Sünenlerden birinde şu olay anlatılıyor: Hz. Peygamber (s.a.) ve ar­kadaşları bir yolculukta birlikte idiler. Hz. Peygamber (s.a.) arkadaşlarının yük develeri üzerinde kırmızı çizgili örtüler gördü. "Şu kırmızılığın sizi yenilgiye uğrattığını görüyorum, dikkat edin." buyurdu. Allah Rasulü'nün (s.a.) bu sözleri üzerine depara kalktık. Öyle ki, develerimizden biri ürküp kaçtı. Örtüleri ellerimizle tutup çekip kopardık" Hadisi Ebu Davud rivayet etmiştir.[221]

Kırmızı elbise, kumaş vs. giymenin caizliğinde şüphe gözükmektedir. Mekruhluğu ise gerçekten kuvvetlidir. Hz. Peygamber'in (s.a.) sade kırmı­zı giymiş olabileceği nasıl düşünülebilir?
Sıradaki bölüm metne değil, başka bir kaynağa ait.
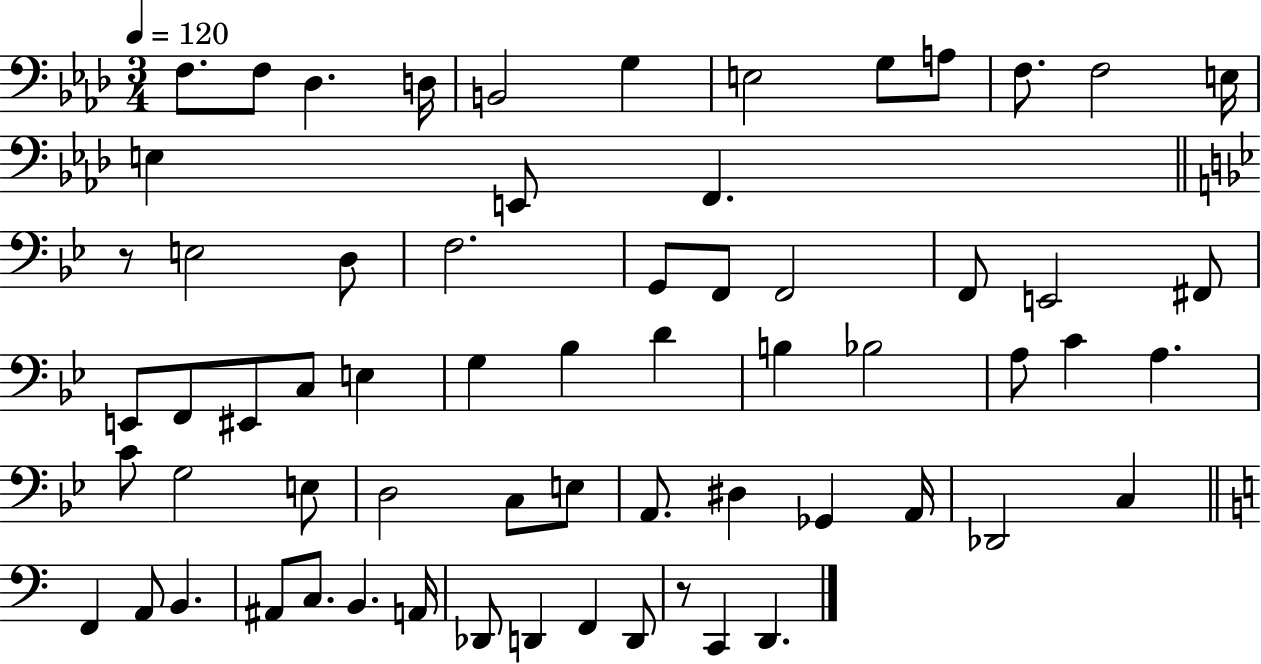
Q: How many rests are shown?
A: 2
Hayır, hayır... Allah, onu bundan korumuştur. Şüphe yalnızca "kırmızı hülle" sözünden kaynaklanmıştır. En iyi bilen Allah'tır.

Hz. Peygamber (s.a.) gerek alemli, gerek sade hamîsa (dört köşeli, iki tarafı zencefilli bir tür siyah aba) giymiştir. Siyah elbise de giymiştir. Ayrıca kenarlarına ince ipek çekilmiş kürk de giymiştir.
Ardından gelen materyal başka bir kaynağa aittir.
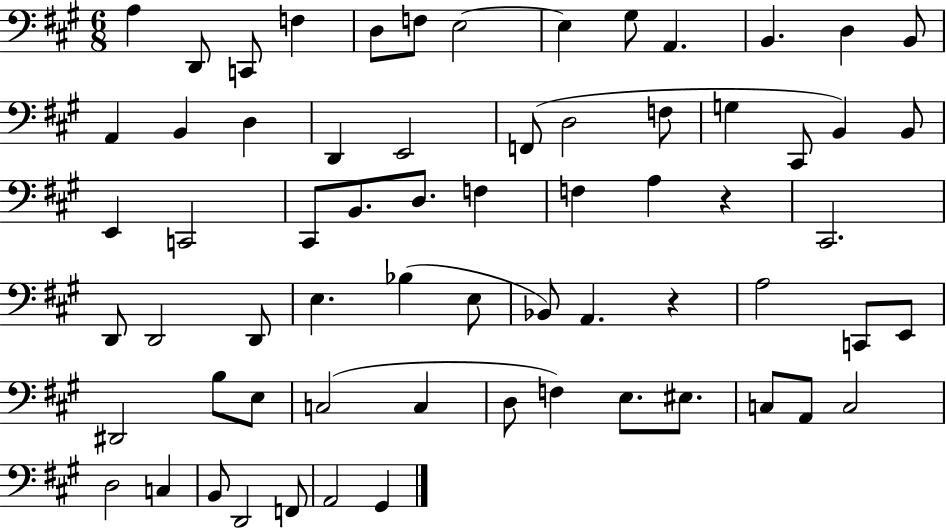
A3/q D2/e C2/e F3/q D3/e F3/e E3/h E3/q G#3/e A2/q. B2/q. D3/q B2/e A2/q B2/q D3/q D2/q E2/h F2/e D3/h F3/e G3/q C#2/e B2/q B2/e E2/q C2/h C#2/e B2/e. D3/e. F3/q F3/q A3/q R/q C#2/h. D2/e D2/h D2/e E3/q. Bb3/q E3/e Bb2/e A2/q. R/q A3/h C2/e E2/e D#2/h B3/e E3/e C3/h C3/q D3/e F3/q E3/e. EIS3/e. C3/e A2/e C3/h D3/h C3/q B2/e D2/h F2/e A2/h G#2/q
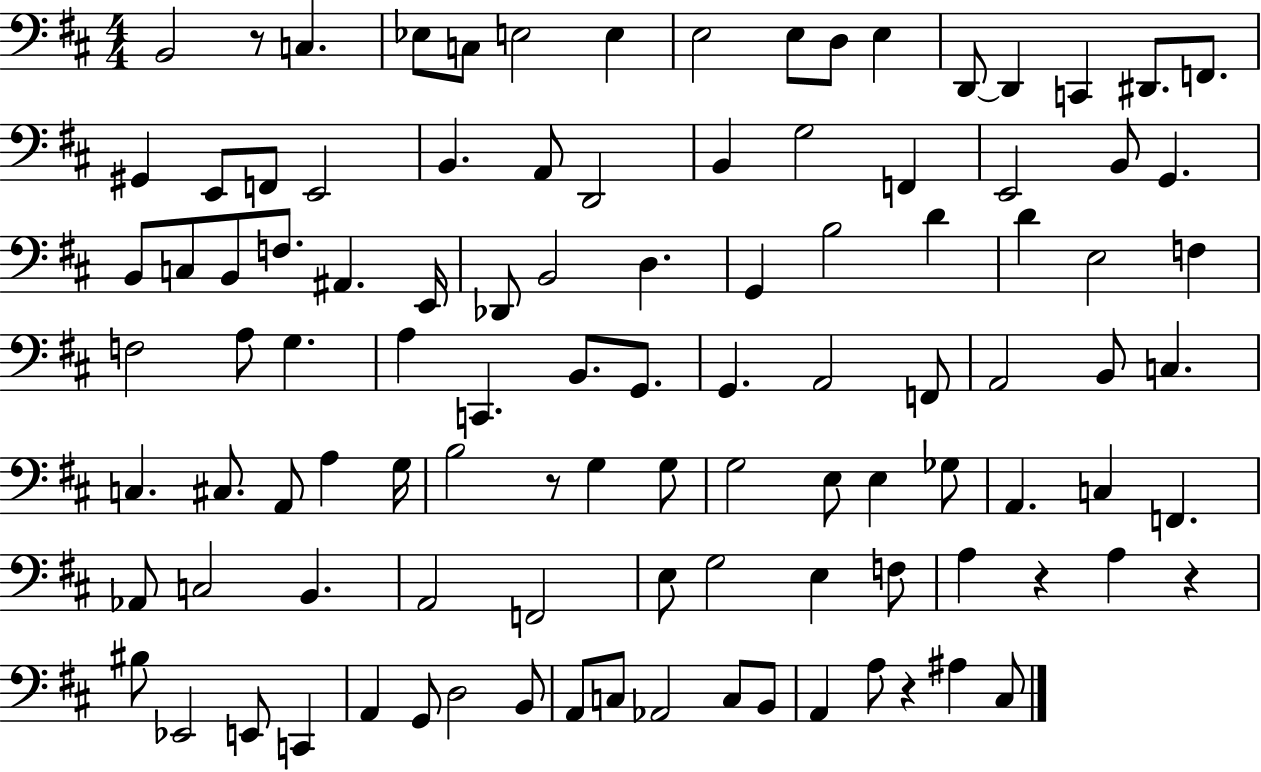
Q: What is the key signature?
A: D major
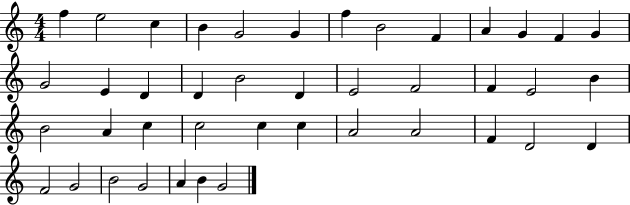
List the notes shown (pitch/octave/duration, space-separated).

F5/q E5/h C5/q B4/q G4/h G4/q F5/q B4/h F4/q A4/q G4/q F4/q G4/q G4/h E4/q D4/q D4/q B4/h D4/q E4/h F4/h F4/q E4/h B4/q B4/h A4/q C5/q C5/h C5/q C5/q A4/h A4/h F4/q D4/h D4/q F4/h G4/h B4/h G4/h A4/q B4/q G4/h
İmam Ahmed ve Ebu Davud kendi senedleriyle Enes b. Mâlik'in: "Bi­zans imparatoru Hz. Peygamber'e (s.a.) ipek bir müşte hediye etti. Hz. Peygamber (s.a.) onu giyindi. Müştenin, Hz. Peygamber'in (s.a.) kolunda sallanışı, kımıldanışı hâlâ gözlerimin önünde." dediğini rivayet ederler.[222] ei-Esmaî: "Müşte, yenleri uzun kürke denir" diyor. Hattâbî der ki: "Bu müştenin, kenarları ipekle çevrilmiş olmalıdır. Zira kürkün kendisi ipek olmaz."
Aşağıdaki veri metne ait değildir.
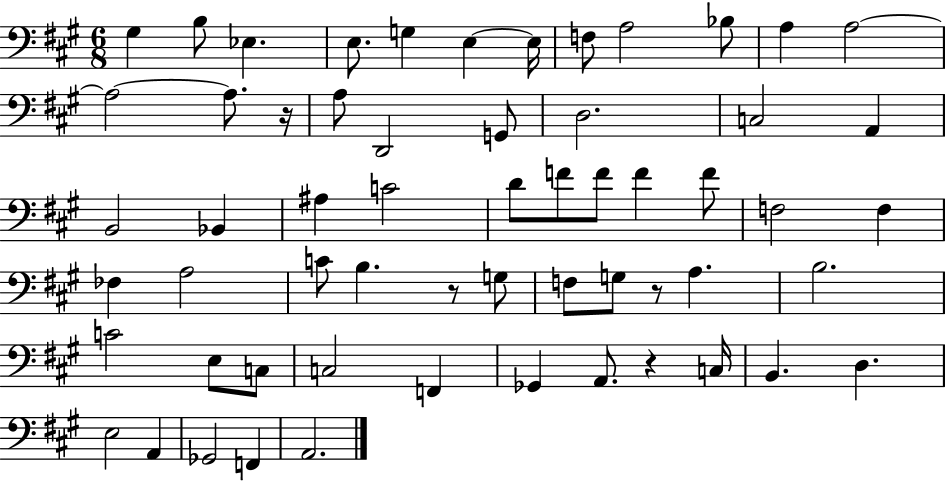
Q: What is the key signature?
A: A major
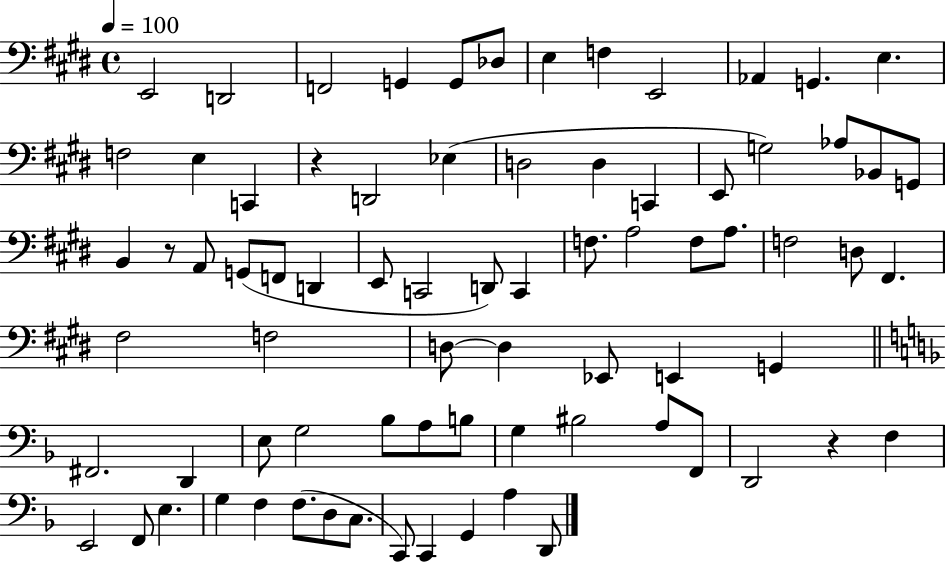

Hz. Peygamber (s.a.) sirval (şalvar, geniş pantolon yahut uzun-geniş külot) satın almıştır. Görünen o ki, bunu giymek için satın almıştır. Birçok hadiste sirval giydiği rivayet edilmiştir. Sahabîler de O'nun izniyle sirval giyerlerdi.

Mest ve "tâsûme" adlı ayakkabı giymiştir. Yüzük takınmıştır. "Yüzü­ğü sağ eline mi, sol eline mi takmıştır?" Bu konuda hadisler arasında ihti­laf vardır. Ama hadislerin hepsi de sahih senedlidir.

"Hûze = tolga" adlı bir miğfer ve "zerdiyye = örgülü zırh" adında bir zırh giyinmiştir. Uhud savaşında iki zırhı üstüste birbirine geçirerek giyin­miştir.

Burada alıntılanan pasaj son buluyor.